Data |
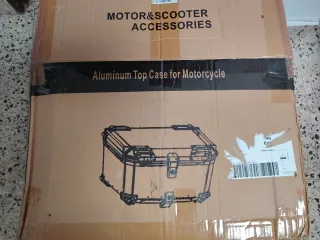 Baúl para moto negro nuevo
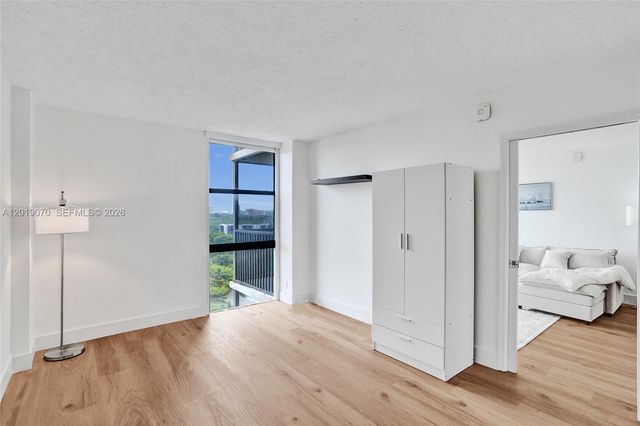 20379 W Country Club Dr 1440, Aventura, FL 33180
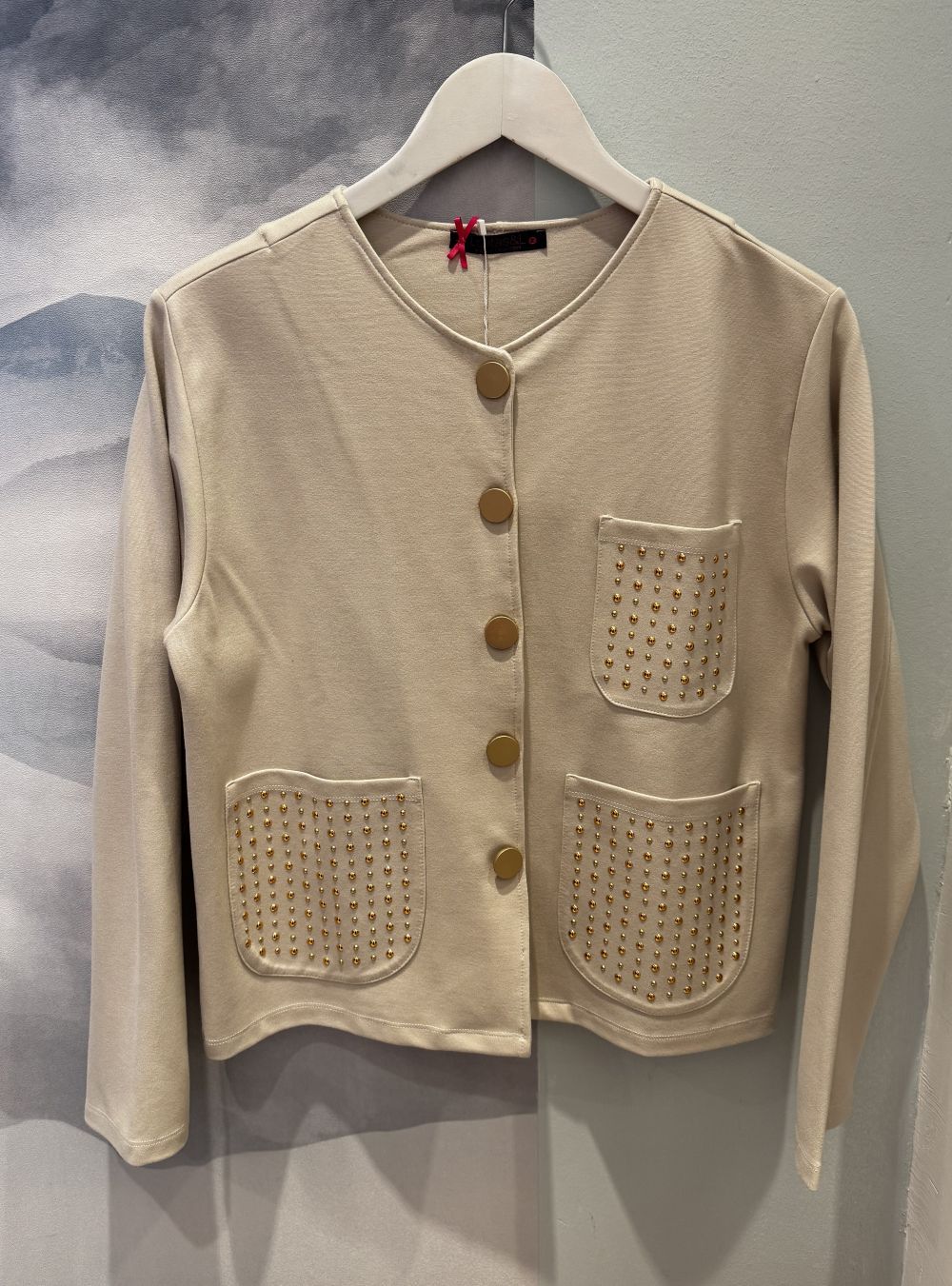 Chaqueta beige con brillis en bolsillos de Lolitas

Work request |
From the first line to the last, write out the data exactly, dropping any pictures.

Response to the task |
 Baúl para moto negro nuevo
 20379 W Country Club Dr 1440, Aventura, FL 33180
 Chaqueta beige con brillis en bolsillos de Lolitas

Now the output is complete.